An all-volunteer force of citizens collected over 6,300 signatures from voters interested in ensuring water quality and quantity for the future of our children. After all the signatures had been collected and certified, we were told by county counsel that there was a technical flaw in a reference with the measure. Eventually the California Supreme Court ruled in a split decision that kept it off the November 2016 ballot.

In early 2017, I received a call from a staff member at the Napa Valley Vintners (NVV), asking for a dialogue with members of their board, staff and interested parties from the Wine Growers of Napa County and Napa Valley Grapegrowers. That meeting was cordial, but I honestly thought that was the end of it.

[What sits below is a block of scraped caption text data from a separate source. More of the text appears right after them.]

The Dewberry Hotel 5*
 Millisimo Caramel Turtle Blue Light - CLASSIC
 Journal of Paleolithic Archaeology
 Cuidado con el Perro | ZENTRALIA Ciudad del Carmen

Less than a week later, the NVV called to revisit the dialogue, but with fewer participants. They explained that their board and staff recommended a collaborative effort because they were aware that the community’s interest in strengthening protections for our water resources and oak woodlands would win at the polls. With a core principle to “protect and enhance the Napa Valley for future generations,” they wanted to work with towards a common goal.

Over the course of six months, Jim Wilson and I met with Michael Honig, chairman of the NVV board, Russ Weiss, former chairman and chair of the Community and Industry Issue Committee, and Rex Stults, who represented the NVV staff.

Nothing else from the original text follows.